Anyway, if you have more than 50,000 results in table2, you cannot use solution 3 but solution 4 adding a row that I forgot in my last message:
index=index_table1 OR index=index_table2
| stats dc(index) AS dc_index values(index) AS index values(other_fields1) AS other_fields1 values(other_fields2) AS other_fields2 BY ID ID2
| where dc_index=1 AND index=index_table1
| table ID ID2 other_fields1
Sorry!
Ciao.
Giuseppe
Hi @designer46,
at first: Splunk has inner join but it's better to avoid this command because it's very slow!
Splunk isn't a DB!
There are three conditions to know:
if the table2 is a static table, you could use a lookup otherwise you have to use a search
1) if you have a static table and you don't want fields from table2:
index=index_table1 [ | inputlookup lookup_table2 | fields ID ID2 ]
| table ID ID2 other_fields1
2) if you have a static table and you need fields from table2:
index=index_table1
| lookup lookup_table2 ID ID2 OUTPUT other_fields2
| search other_fields2=*
| table ID ID2 other_fields1 other_fields2
3) if you have a dinamic table (events) and don't want fields from table2:
index=index_table1 [ search index=index_table2 | fields ID ID2 ]
| table ID ID2 other_fields1
4) if you have a dinamic table (events) and want fields from table2:
index=index_table1 OR index=index_table2
| stats dc(index) AS dc_index values(index) AS index values(other_fields1) AS other_fields1 values(other_fields2) AS other_fields2 BY ID ID2
| table ID ID2 other_fields1 other_fields2
If you have more than 50,000 rows in table2 there's a problem because you cannot use lookups and subsearches.
Ciao.
Giuseppe
Thank you Giuseppe,
My particular case would be the third one. Table 2 is a dynamic table (events) and I don't need any fields from Table 2. However, I do have more than 50.000 records.

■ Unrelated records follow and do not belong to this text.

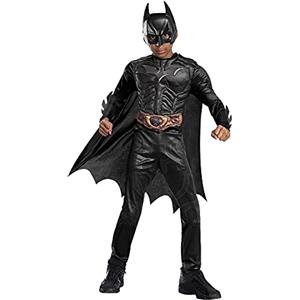 Rubie's, Costume Batman Black Line Bambino, Ideale per Halloween, Carnevale e Feste in Maschera, Comprende Tuta con Petto Muscoloso, Mantello e Maschera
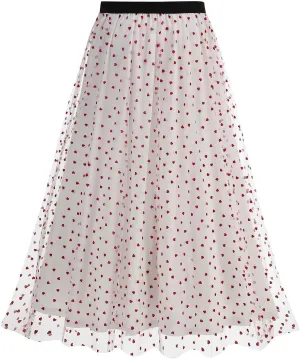 Womens Tulle Midi Skirt Elastic Waist Layered Floral Lace Mesh Print Skirts Summer Casual Trendy Dressy A-Line Skirt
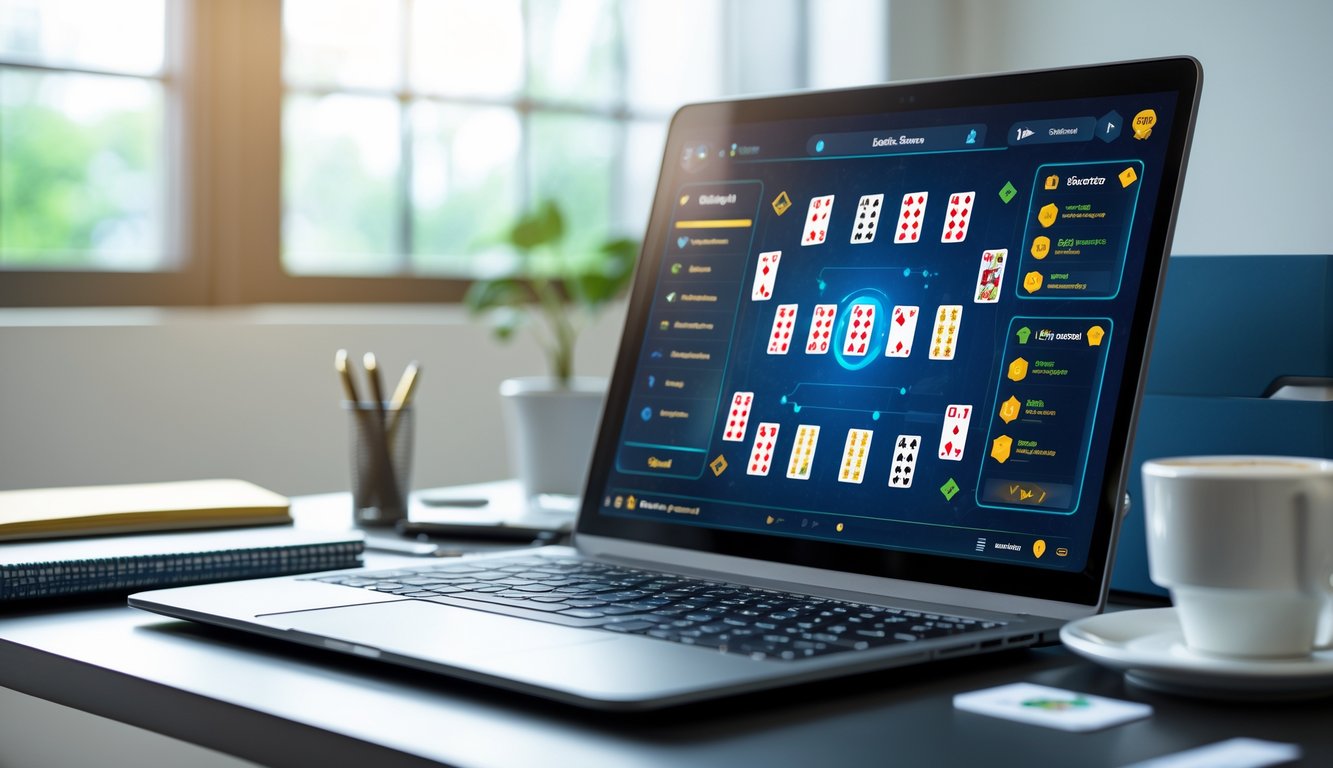 Seorang pria duduk di depan laptop dengan permainan kartu digital di layar, di meja terdapat buku catatan dan secangkir kopi di ruang kerja yang terang.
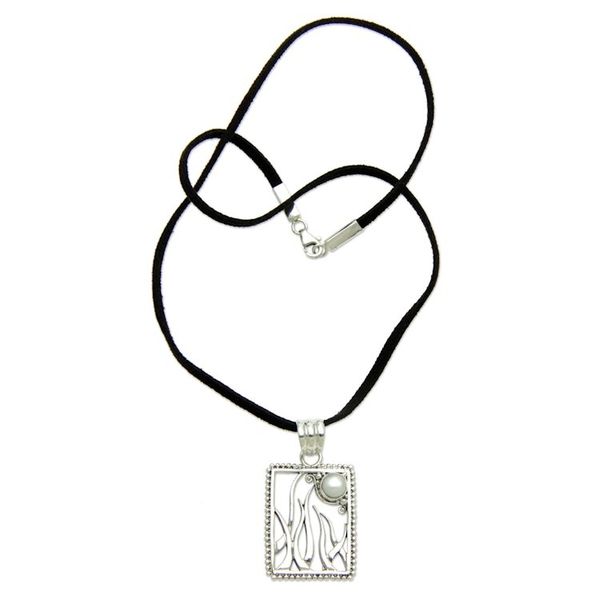 Alternate image for Artisan Crafted Pearl and Sterling Silver Necklace Jewelry Natures Moon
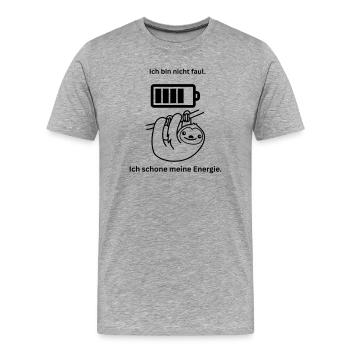 I'm not lazy - Men's Premium Organic T-Shirt - heather grey - Front - Damien (186cm)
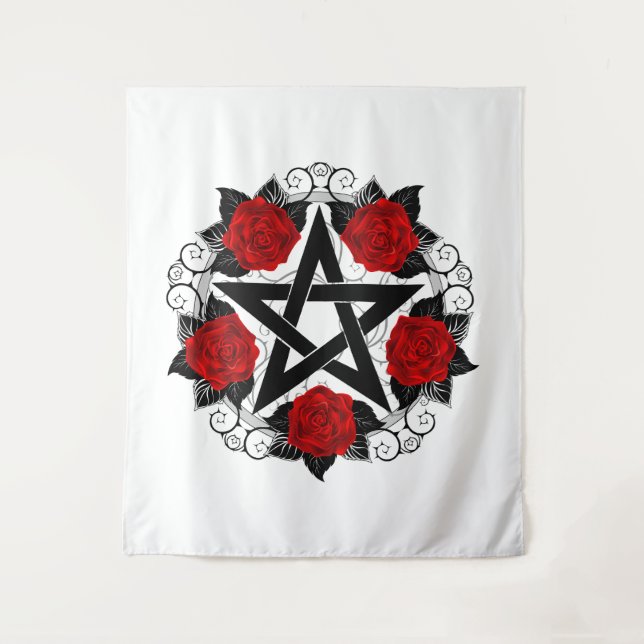 Tenture Pentagramme aux roses rouges (Devant)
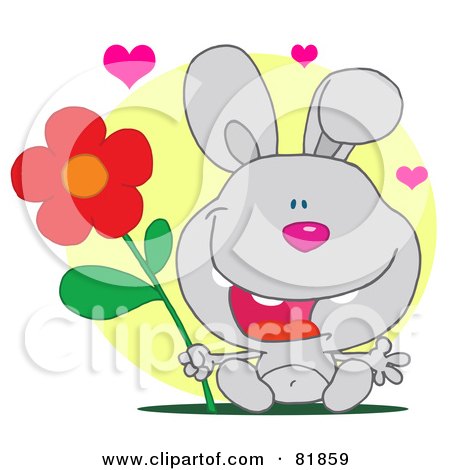 Royalty-Free (RF) Clipart Illustration of a Sweet Gray Bunny Rabbit Holding A Flower Under Hearts In Front Of A Yellow Circle by Hit Toon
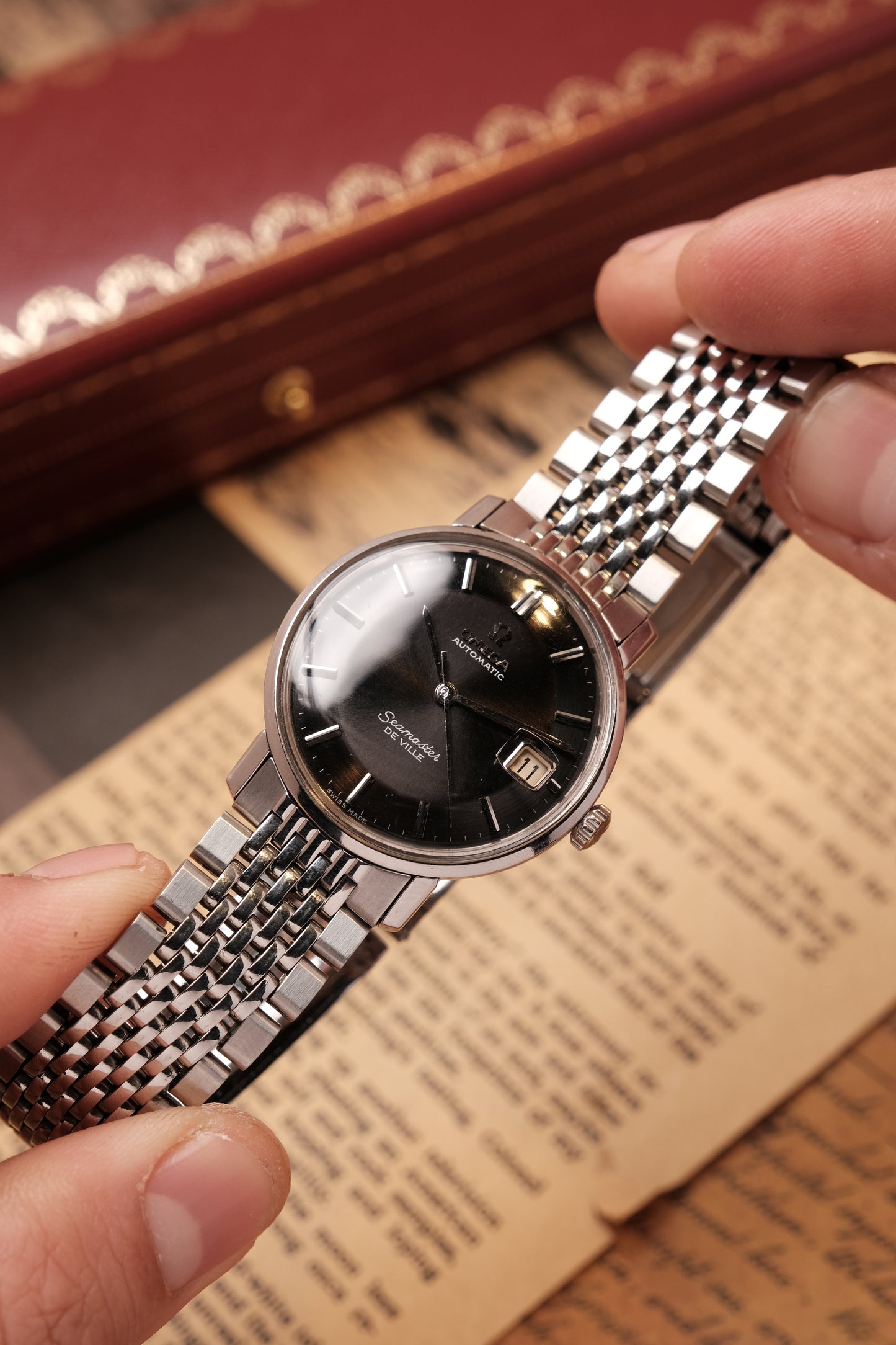 Vintage Omega Seamaster Automatic Deep Black Pie Pan Dial 166.020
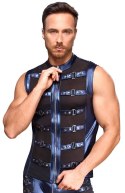 NEK Męski bezrękawnik M niebieski z czarnymi wstawkami siateczki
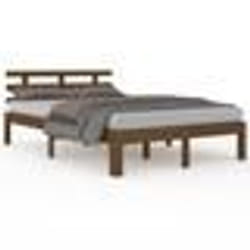 vidaXL Cadre de lit sans matelas marron miel bois massif 200x200 cm - 200 x 200 cm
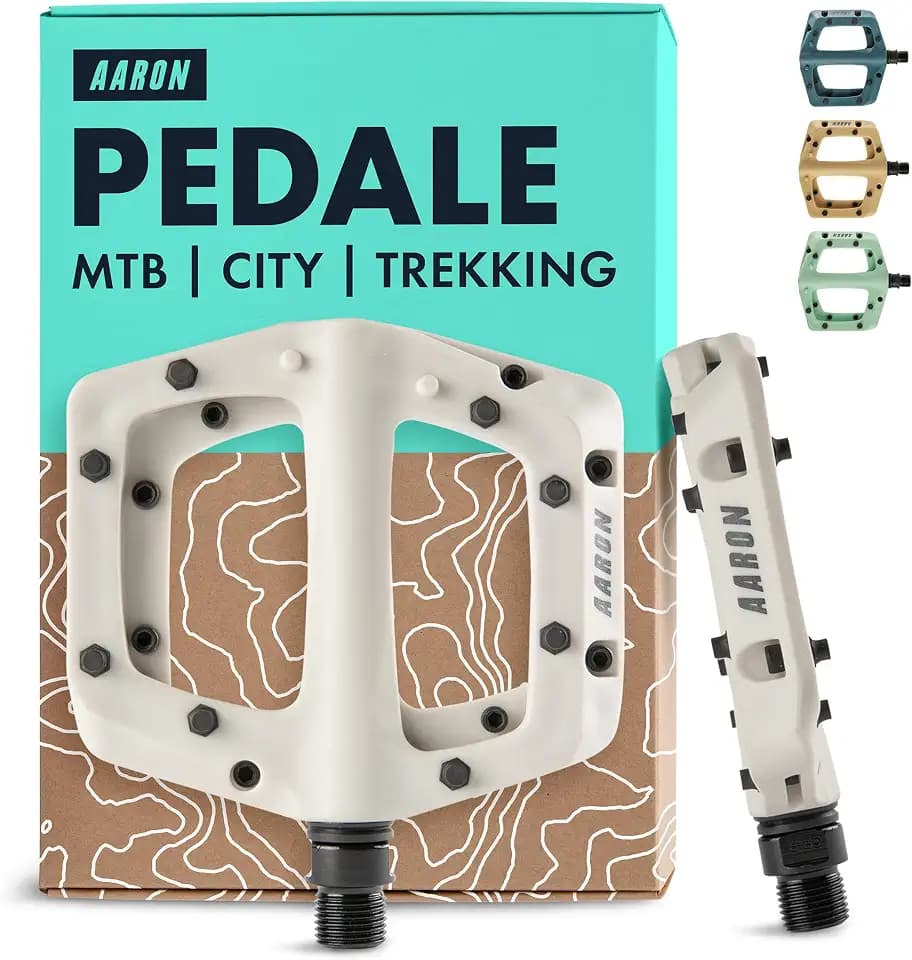 AARON Dirt MTB Pedale aus ultraleichten Nylonfasern mit abgedichtetem Industrie-Kugellager - rutschfest durch 8 austauschbare Pins - Plattform Fahrradpedale für Dirtbike, E-Bike, Downhill, Trekking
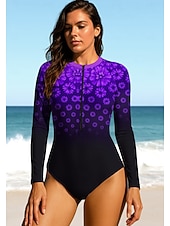 Χαμηλού Κόστους Rash Guards One Pieces-Γυναικεία Rash Guard Dive Skin κοστούμι Προστατευτικά Μαγιό Άνθινο Τροπικό Κουμπώσου UPF50+ Γρήγορο Στέγνωμα Ελαφρύ Μακρυμάνικο Μπλούζα για κολύμβηση Σέρφινγκ Παραλία Θαλάσσια Σπορ Καλοκαίρι
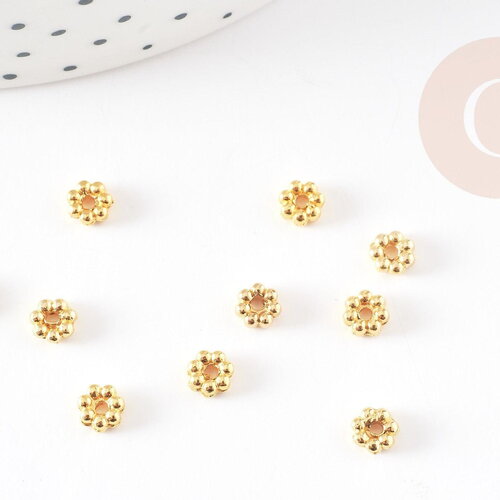 Rondelles fleurs laiton doré, perles dorées, création bijoux, perles intercalaires, 4.5mm, x50 g5600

I am pretty much new to Splunk. Would you say that it's better that I perform this kind of operations outside of Splunk? Using other tools more appropriate?
Thank you once again.
Hi @designer46,
I usualy try to do everything in Splunk because it's easier!
Anyway, if you have more than 50,000 results in table2, you cannot use solution 3 but solution 4 adding a row that I forgot in my last message:
index=index_table1 OR index=index_table2
| stats dc(index) AS dc_index values(index) AS index values(other_fields1) AS other_fields1 values(other_fields2) AS other_fields2 BY ID ID2
| where dc_index=1 AND index=index_table1
| table ID ID2 other_fields1
Sorry!
Ciao.
Giuseppe